Some Fine Dining Options in Philadelphia
You’ll need to make reservations at these restaurants long before arriving at the 2005 ASA Annual Meeting
The following mini-guide to restaurants in Philadelphia highlights five very fancy restaurant selections— the first four of which are very expensive—that are said to border on the sublime. Maybe you can justify sampling one or two, if you have substantial funding or an eager publisher, but be forewarned that even in August these establishments are busy so you will need to make reservations well in advance. There will also be the usual extensive restaurant guide in the 2005 Annual Meeting registration packet; the current mini-guide is published here just to give you a heads-up about these establishments that require advance planning on your part. To make reservations, call the restaurants directly, or learn more at www.philadelphia.com/dining/index.html.
Le Bec Fin
1523 Walnut St., (215) 567-1000
[about 6 blocks from the ASA hotels] The ultimate French restaurant, one of the premiere dining establishments in the city and in the country. It looks extraordinarily elegant, and the service is flawless.
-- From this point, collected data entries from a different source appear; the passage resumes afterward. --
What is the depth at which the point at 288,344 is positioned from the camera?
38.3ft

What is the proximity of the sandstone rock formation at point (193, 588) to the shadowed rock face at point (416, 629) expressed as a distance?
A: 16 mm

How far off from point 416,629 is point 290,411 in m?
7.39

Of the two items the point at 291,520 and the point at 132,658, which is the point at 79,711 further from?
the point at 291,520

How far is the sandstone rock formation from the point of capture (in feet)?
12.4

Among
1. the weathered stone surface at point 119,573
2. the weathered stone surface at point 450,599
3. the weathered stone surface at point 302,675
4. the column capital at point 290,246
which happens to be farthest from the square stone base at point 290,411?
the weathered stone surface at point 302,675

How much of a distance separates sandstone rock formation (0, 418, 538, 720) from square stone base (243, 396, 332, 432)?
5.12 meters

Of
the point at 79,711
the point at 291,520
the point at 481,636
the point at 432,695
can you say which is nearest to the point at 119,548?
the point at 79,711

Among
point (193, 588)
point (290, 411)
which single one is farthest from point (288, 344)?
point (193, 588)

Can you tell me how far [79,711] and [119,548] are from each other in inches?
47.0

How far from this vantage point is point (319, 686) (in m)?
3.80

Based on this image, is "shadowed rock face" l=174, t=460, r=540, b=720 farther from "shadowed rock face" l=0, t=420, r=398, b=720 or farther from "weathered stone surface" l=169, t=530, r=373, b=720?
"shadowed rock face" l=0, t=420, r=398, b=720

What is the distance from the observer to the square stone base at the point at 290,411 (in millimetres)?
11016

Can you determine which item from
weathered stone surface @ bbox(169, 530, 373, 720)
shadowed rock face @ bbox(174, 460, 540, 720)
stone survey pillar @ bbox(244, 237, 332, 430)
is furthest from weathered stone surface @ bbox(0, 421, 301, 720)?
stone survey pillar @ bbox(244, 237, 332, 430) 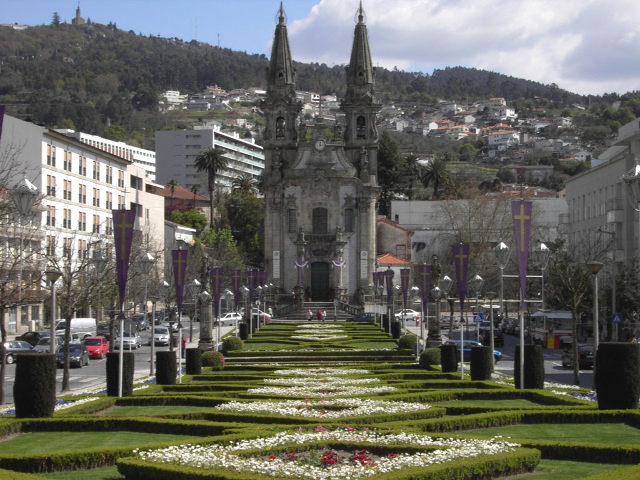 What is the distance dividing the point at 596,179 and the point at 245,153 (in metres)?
122

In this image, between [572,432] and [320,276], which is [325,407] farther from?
[320,276]

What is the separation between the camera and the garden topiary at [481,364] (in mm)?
33000

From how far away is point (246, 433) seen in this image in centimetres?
1972

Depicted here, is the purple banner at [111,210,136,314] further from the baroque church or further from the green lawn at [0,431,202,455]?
the baroque church

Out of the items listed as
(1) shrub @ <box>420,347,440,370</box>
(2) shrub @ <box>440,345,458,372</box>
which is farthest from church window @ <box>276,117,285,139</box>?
(2) shrub @ <box>440,345,458,372</box>

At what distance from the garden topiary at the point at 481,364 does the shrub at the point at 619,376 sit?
32.1ft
Its fare strikes a perfect balance between rich and light, making decadent dining seem like an everyday occurrence. Lunch Monday through Friday. $45 per person prix fixe. Dinner Monday through Saturday. $135 per person prix fixe.
1312 Spruce St., (215) 732-3478
[about 4 blocks from the ASA hotels] Considered one of the finest Italian restaurants in the nation, Vetri’s fare is more than just upscale; it is virtuoso cooking at a grand and elegant level. Well worth the 3- or 4-minute walk, but carry your wallet and an open mind about great Italian food.
Fountain Restaurant at the Four Seasons Hotel
1 Logan Square, (215) 963-1500
[about 5 long blocks from the ASA hotels, on the Parkway] Voted number one for food, décor, and service in the last Zagat Survey, the Fountain is Philadelphia’s favorite venue for “heavenly” New French-Continental cuisine that emphasizes local ingredients. Chef Martin Hamann prepares edgy, elegant dishes that match the equally elegant dining room. Jacket required.
Lacroix at the Rittenhouse Hotel
210 Rittenhouse Square, (215) 790-2533
[about 7 blocks from hotels, overlooking Rittenhouse Square]. Until recently, restaurants in American hotels were usually terrible, but that has changed dramatically in the last dozen years. This gem of a restaurant is additional proof of that trend. Overlooking the delightful 1.5-square-block park, the restaurant serves wonderful food—modern but not so trendy that you worry it’s more show than substance. Try to go when you can see the sunset reflected in the buildings opposite the hotel.
526 S 4th St., (215) 922-7151
Finally, this delightful and “hot” BYOB just off South Street is well worth the long walk or the price of a cab. It is not expensive, and that’s why you need to reserve a month or so in advance, especially on weekends. The small, simple but remarkably pleasant interior helps make dinner at Django a cheery experience. The restaurant is inventive and trendy without being pretentious. Smoky eggplant bisque, goat cheese gnocchi appetizer, roasted tilefish with couscous and dried tomato ragout are just some examples.